Maladaptive Daydreaming: where wild minds come to rest
im sitting here in my backyard having that i-want-to-hit-my-head-off-a-wall-because-i-dont-know-who-i-am-and-im-not-happy-about-anything feeling and it hit me. i was thinking about how i dont have many friends and i dont want want to be friends with anyone from my school because....yuck. i realize now that i dont want to be friends with anyone because none of them match up to my daydream characters and ill never have a friendship like them. i pretty much only have one friend, and sometimes i feel like she puts me second when i put her first. my characters wouldnt do that to eachother....and theyre close and do everything together and have alot in common yet their so different and skejlaksfja;sdhf
if i could explain my daydream it would make sense but.....yeah.
this is making me have high expectations for everything and its making em unhappy. but i dont want to stop because what else will comfort me?

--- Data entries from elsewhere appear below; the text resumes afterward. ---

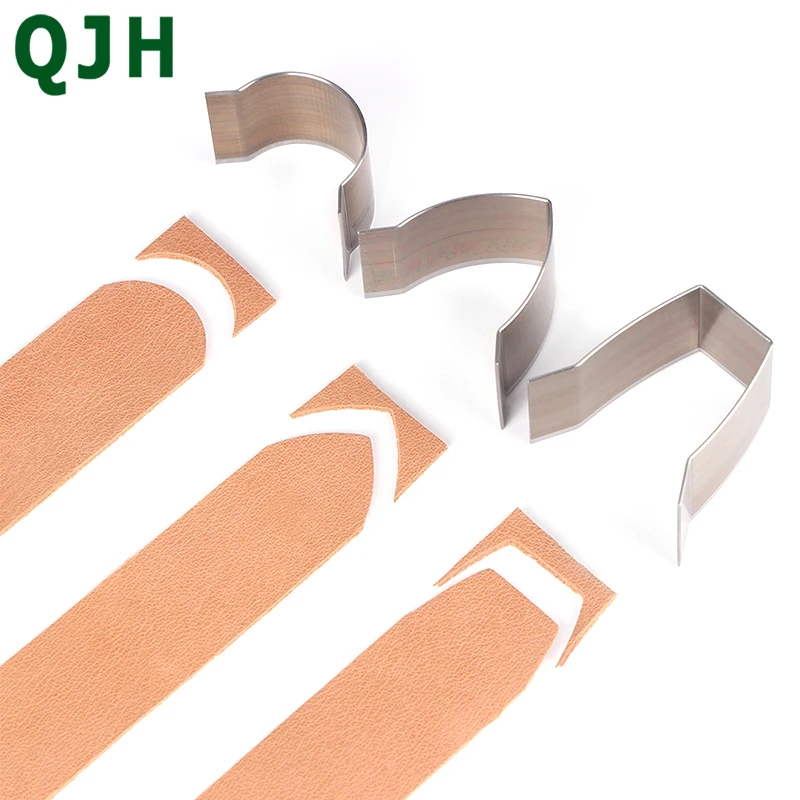 

10/30 Pieces of Belt Tail Section Cutter Die Punch Set V-shaped Punching Tool Hollow Punch Tool DIY Leather Cutting Process Tool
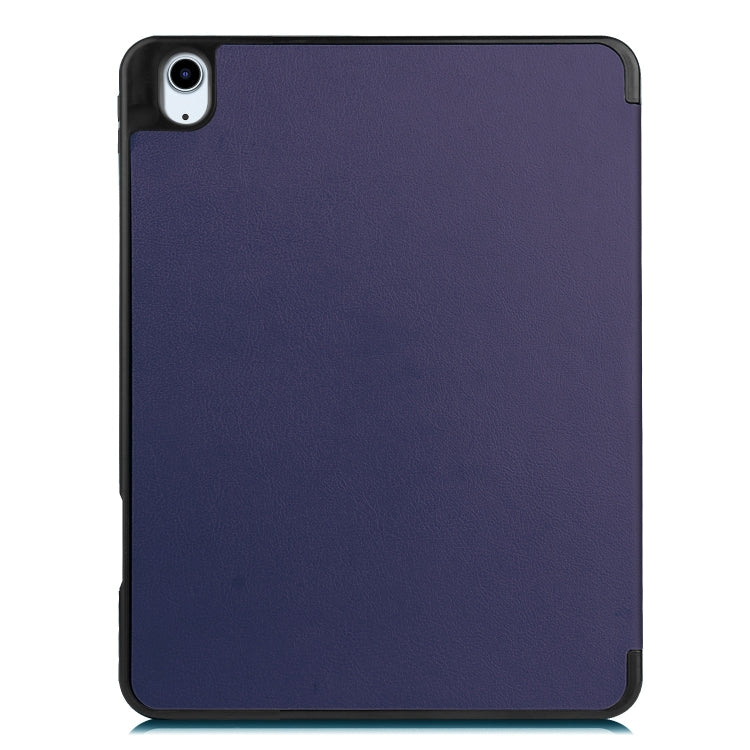 For iPad Air 11 2024 Custer TPU Pure Color 3-Fold Holder Smart Leather Tablet Case(Dark Blue) - iPad Air 11 2024 Cases by PMC Jewellery | Online Shopping South Africa | PMC Jewellery | Buy Now Pay Later Mobicred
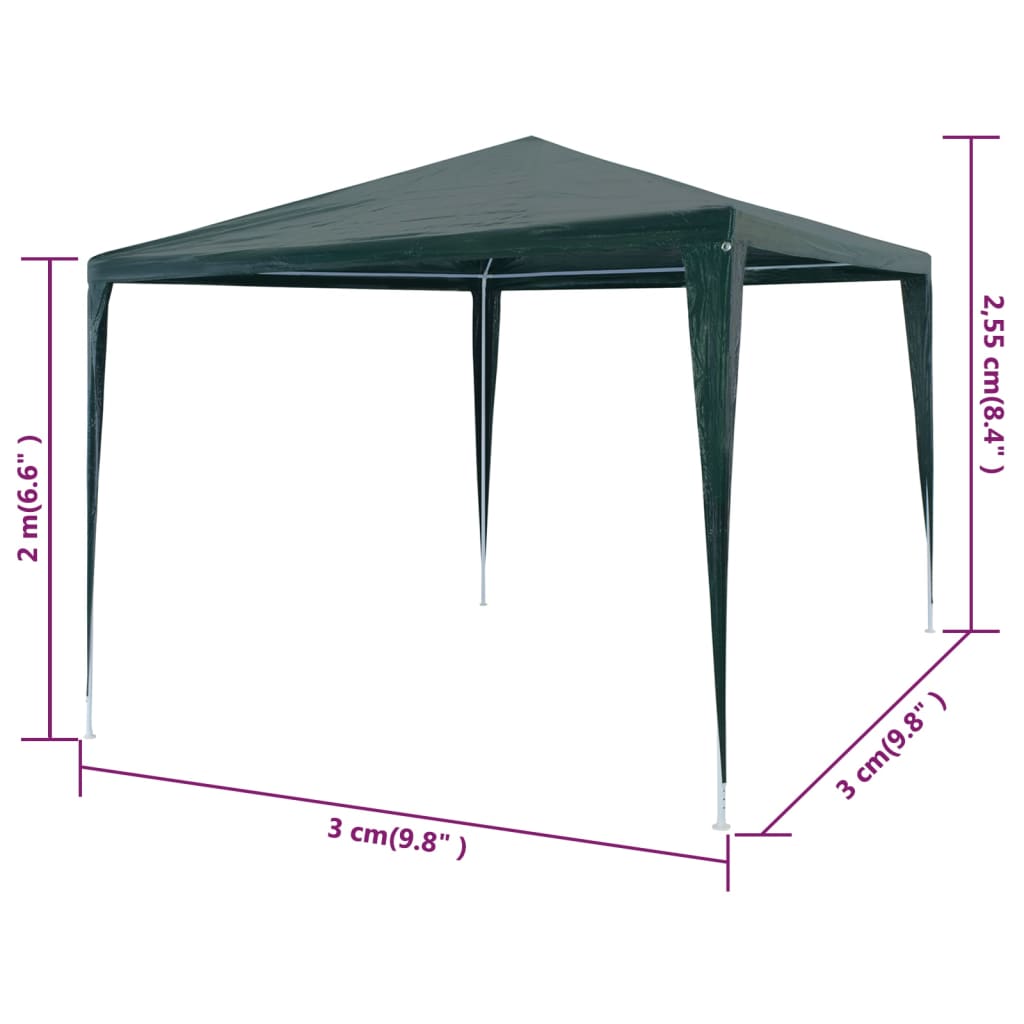 Tenda per Feste 3x3 m Verde - homemem39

I think I can relate. It's so easy to imagine something much better than reality. However, don't you think MD is the thing that probably makes our reality worse? A lot of us probably neglect building quality relationships or getting involved in real world activities that would matter to us because of excessive daydreaming. Then our options become daydreaming or living our neglected, colorless lives. It seems to be a compulsive behavior that reinforces itself by eliminating or worsening all other options. Does it seem that way to you?